Number the vertices like this:

As in this answer I am going to explicitly construct the graph's vertices starting from a few parameters. The following parameters suffice in this case:

  • The angles $\angle1,0,3$, $\angle3,0,9$, $\angle9,0,1$. All must lie in $(0,2\pi/3]$ (otherwise the points $4,12,10$ cannot be constructed) and they must satisfy the triangle inequality.
  • Whether the points $4,12,10$ are constructed "above" ($+$) or "below" $(-)$ the $0,1,3,9$ plane (just like there are in general two solutions for a point at unit distance from two other points in the plane, so there are in general two solutions for a point at unit distance from three other points in 3D space).

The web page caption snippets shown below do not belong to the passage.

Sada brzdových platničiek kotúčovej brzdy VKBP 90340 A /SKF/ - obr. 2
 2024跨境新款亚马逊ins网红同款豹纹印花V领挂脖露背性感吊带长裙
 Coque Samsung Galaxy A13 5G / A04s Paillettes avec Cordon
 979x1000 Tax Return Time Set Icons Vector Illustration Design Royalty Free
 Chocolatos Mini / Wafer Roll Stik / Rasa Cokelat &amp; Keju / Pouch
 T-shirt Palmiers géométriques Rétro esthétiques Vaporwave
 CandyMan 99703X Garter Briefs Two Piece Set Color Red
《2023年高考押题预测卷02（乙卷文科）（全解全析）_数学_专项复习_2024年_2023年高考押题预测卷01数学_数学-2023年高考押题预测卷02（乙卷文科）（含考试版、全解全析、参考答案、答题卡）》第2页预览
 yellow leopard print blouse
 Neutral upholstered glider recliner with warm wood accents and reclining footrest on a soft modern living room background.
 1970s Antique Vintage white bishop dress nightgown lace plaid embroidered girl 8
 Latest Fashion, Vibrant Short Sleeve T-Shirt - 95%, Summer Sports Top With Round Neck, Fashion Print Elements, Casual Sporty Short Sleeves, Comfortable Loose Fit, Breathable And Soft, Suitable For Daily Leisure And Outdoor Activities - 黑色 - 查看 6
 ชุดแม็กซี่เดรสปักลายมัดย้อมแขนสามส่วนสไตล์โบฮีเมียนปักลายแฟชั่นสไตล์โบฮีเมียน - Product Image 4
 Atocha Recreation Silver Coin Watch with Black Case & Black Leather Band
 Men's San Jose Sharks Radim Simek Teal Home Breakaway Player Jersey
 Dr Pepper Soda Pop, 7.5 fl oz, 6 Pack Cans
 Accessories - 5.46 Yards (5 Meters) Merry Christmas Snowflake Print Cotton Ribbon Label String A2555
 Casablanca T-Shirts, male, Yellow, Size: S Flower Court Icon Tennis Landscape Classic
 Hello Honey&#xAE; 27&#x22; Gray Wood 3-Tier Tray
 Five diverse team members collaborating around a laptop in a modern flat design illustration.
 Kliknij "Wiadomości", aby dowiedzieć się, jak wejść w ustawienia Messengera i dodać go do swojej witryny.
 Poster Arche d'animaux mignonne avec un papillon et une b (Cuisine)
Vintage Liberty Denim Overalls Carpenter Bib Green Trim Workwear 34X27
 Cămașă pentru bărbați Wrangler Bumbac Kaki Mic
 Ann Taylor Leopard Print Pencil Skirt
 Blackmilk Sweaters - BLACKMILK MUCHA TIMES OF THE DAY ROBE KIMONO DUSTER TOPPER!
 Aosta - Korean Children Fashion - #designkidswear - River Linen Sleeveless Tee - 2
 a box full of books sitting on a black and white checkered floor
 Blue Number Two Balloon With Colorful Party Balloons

By symmetry we can reduce the eight possibilities for the second set of parameters to four: $+++,++-,+--,---$. Without loss of generality we can also fix $0=(0,0,0)$, $1=(1,0,0)$, point $3$ in the $xy$-plane and point $9$ with positive $z$-coordinate – the parameters above then fix points $4,12,10$.

The remaining six points are uniquely determined. To see this, note that $0$ and $2$ are both adjacent to $1,3,12$; with all distances identical and the requirement that vertices not coincide it is easy to deduce that point $2$ must be the reflection of point $0$ in the $1,3,12$ plane. A similar argument applies by rotating the diagram above for the other five "outer" points.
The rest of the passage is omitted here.